I have a web page with three dropdowns for day, month and year. If I use the JavaScript Date
constructor that takes numbers, then I get a Date
object for my current timezone:
new Date(xiYear, xiMonth, xiDate)
Give the correct date, but it thinks that date is GMT+01:00 due to daylight savings time.
The problem here is that I then pass this Date
to an Ajax method and when the date is deserialised on the server it has been converted to GMT and so lost an hour which moves the day back by one.
Now I could just pass the day, month, and year individually into the Ajax method, but it seems that there ought to be a better way.
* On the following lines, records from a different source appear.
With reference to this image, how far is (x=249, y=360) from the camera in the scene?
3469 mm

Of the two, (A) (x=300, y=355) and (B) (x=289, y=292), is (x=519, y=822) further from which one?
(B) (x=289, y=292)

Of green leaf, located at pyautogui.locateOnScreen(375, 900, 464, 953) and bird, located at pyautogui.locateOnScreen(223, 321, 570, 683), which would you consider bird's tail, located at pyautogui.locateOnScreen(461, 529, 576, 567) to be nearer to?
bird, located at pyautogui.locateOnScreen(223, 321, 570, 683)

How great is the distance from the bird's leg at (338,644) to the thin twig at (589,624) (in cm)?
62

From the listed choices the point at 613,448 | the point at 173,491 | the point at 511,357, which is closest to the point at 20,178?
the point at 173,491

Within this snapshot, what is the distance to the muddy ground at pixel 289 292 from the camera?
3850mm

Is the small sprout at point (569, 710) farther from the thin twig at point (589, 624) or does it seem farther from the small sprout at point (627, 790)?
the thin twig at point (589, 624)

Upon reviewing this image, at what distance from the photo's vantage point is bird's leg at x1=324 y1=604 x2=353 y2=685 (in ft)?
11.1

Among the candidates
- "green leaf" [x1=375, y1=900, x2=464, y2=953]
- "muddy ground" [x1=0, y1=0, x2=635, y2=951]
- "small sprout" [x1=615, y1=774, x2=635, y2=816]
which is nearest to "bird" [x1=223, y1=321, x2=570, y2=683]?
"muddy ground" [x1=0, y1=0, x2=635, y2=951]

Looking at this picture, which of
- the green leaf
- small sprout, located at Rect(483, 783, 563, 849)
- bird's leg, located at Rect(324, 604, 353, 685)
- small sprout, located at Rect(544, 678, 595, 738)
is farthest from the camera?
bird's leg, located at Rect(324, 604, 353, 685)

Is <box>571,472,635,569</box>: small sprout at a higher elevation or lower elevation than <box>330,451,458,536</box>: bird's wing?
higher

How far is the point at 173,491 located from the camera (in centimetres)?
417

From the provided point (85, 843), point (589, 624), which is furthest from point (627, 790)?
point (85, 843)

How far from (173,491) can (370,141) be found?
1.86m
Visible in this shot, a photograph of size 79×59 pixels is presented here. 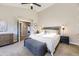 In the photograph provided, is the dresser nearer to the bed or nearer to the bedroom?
the bedroom

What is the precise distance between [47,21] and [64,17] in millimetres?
712

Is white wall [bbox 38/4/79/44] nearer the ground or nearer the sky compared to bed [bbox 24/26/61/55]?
nearer the sky

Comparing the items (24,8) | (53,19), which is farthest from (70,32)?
(24,8)

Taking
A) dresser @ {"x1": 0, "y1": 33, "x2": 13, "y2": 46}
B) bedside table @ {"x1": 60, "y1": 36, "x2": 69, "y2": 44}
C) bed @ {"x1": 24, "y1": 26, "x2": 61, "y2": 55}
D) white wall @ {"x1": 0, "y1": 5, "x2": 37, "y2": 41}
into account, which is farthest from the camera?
dresser @ {"x1": 0, "y1": 33, "x2": 13, "y2": 46}

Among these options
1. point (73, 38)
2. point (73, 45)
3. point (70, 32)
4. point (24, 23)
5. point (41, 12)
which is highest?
point (41, 12)

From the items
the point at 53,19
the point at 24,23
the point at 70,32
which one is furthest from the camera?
the point at 53,19

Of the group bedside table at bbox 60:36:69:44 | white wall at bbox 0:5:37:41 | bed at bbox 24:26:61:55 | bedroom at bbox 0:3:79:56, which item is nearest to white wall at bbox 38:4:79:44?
bedroom at bbox 0:3:79:56

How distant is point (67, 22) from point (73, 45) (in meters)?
0.92

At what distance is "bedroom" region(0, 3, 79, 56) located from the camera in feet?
8.18

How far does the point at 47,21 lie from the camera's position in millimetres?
3188

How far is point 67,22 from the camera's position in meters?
2.89

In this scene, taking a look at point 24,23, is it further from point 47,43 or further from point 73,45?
point 73,45

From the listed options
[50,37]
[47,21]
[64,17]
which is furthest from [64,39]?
[47,21]

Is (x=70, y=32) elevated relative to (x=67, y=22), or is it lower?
lower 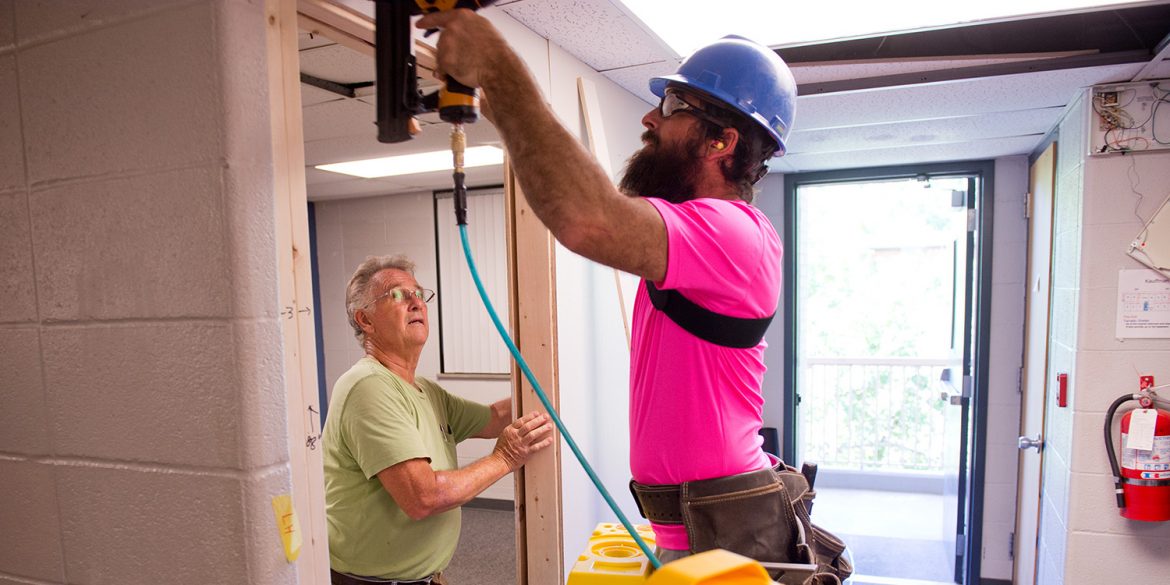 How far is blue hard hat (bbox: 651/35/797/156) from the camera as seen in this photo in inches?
48.1

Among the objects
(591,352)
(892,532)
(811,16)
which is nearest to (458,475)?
(591,352)

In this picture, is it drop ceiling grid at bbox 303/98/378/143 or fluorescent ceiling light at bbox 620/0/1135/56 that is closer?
fluorescent ceiling light at bbox 620/0/1135/56

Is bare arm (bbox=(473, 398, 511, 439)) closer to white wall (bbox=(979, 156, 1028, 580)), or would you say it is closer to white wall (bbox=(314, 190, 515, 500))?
white wall (bbox=(314, 190, 515, 500))

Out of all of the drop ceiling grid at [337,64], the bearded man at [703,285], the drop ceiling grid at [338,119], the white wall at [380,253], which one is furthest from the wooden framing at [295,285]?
the white wall at [380,253]

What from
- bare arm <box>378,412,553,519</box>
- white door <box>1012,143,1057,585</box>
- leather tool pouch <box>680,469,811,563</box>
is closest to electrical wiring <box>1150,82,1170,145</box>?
white door <box>1012,143,1057,585</box>

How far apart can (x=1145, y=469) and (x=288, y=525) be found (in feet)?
9.09

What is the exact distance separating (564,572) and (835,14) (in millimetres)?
1921

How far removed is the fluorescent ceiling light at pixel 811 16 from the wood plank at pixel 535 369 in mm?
679

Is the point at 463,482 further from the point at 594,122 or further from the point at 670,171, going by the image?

The accepted answer pointed me in the right direction, however just using setUTCHours()
by itself changed:
Apr 5th 00:00 GMT+01:00
to
Apr 4th 23:00 GMT+01:00
I then also had to set the UTC date, month and year to end up with
Apr 5th 01:00 GMT+01:00
which is what I wanted.
using .setUTCHours()
it would be possible to actually set dates in UTC-time, which would allow you to use UTC-times throughout the system.
You cannot set it using UTC in the constructor though, unless you specify a date-string.
Using new Date(Date.UTC(year, month, day, hour, minute, second))
you can create a Date-object from a specific UTC time.